La Vie des Classiques : Comment vous présenter ?
Guillaume Flamerie de Lachapelle : Je suis maintenant au milieu de la quarantaine, j’enseigne le latin à l’Université Bordeaux Montaigne depuis une vingtaine d’années ; j’ai aussi été professeur de collège dans les Landes.

 

L.V.D.C. : Quelles ont été les rencontres déterminantes, de chair ou de papier, dans votre parcours ?
G.F.D.L. : Il y en a tellement ! Tous mes professeurs de latin au collège et au lycée ont été importants d’une façon ou d’une autre. Plus tôt je me rappelle deux ouvrages chez mes grands-parents suisses que je lisais et relisais chaque été : l’Iliade et de l’Odyssée dans une version illustrée pour enfants, ainsi qu’un recueil intitulé Douze légendes de la mythologie. Puis en troisième j’ai dû préparer un exposé sur les Vies des douze Césars de Suétone qui m’a amené à en savoir un peu plus sur César ; beaucoup plus tard j’ai lu L’Art de la déformation historique dans les commentaires de César, de Michel Rambaud, qui m’a appris à me méfier un peu des propos du personnage ! Entre-temps la lecture d’Œdipe-roi de Sophocle en terminale a été fascinante et sans doute déterminante ; elle m’a en tout cas donné envie d’apprendre le grec.

 

L.V.D.C. : Quelle a été votre formation intellectuelle ?
G.F.D.L. : Après une première et une terminale L au lycée Camille-Jullian de Bordeaux, j’ai été élève des classes préparatoires de ce même établissement, puis j’ai été élève à l’École normale supérieure de Fontenay/Saint-Cloud (aujourd’hui installée à Lyon) avant de préparer une thèse sur la notion de clementia sous la direction de Sylvie Franchet d’Espèret.
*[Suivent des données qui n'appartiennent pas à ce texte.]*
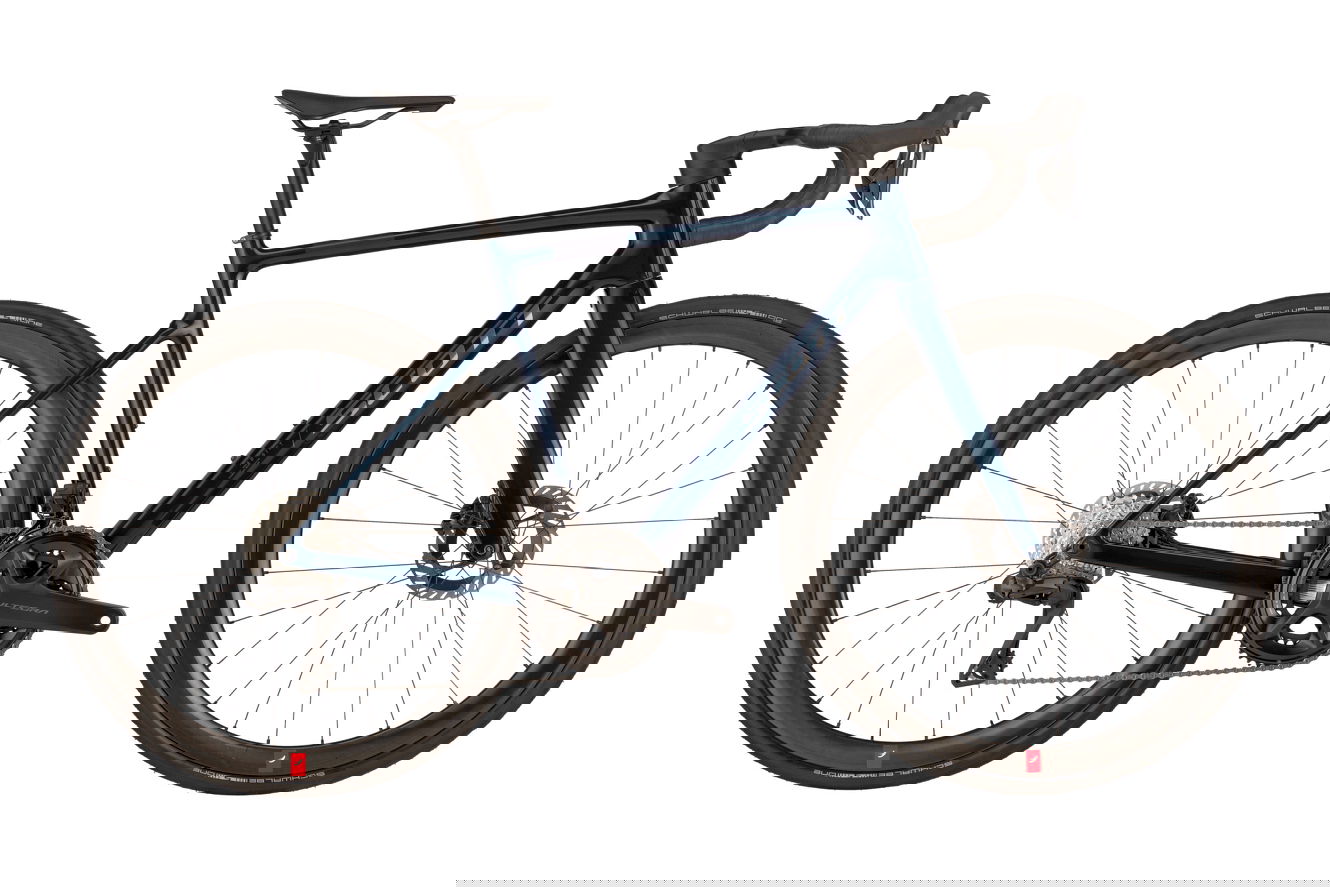 Scott Addict 20 Diamant carbon green, XXL | (28")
Voilà pour la formation « académique » ; pour la formation « intellectuelle » au sens large, il y aurait beaucoup trop à dire, comme pour chacun d’entre nous.

 

L.V.D.C. : Quel a été le premier texte latin et grec que vous avez traduit/lu ? Quel souvenir en gardez-vous ?
G.F.D.L. : En 4e et en 3e je travaillais à partir des manuels Invitation au latin, qui ne proposaient pas des textes « authentiques » mais des versions plus adaptées à notre niveau : je me rappelle en particulier de textes sur les guerres puniques et notamment sur la marine carthaginoise (pourquoi ? aucune idée…). Puis en seconde nous avons traduit l’apologue des membres et de l’estomac dans le discours que tient Ménénius Agrippa à la plèbe, chez Florus ; je me souviens surtout que j’ai eu du mal à le traduire, puis que l’idée de concorde était très importante chez les Romains, dont j’avais surtout perçu le côté guerrier et ambitieux jusqu’alors.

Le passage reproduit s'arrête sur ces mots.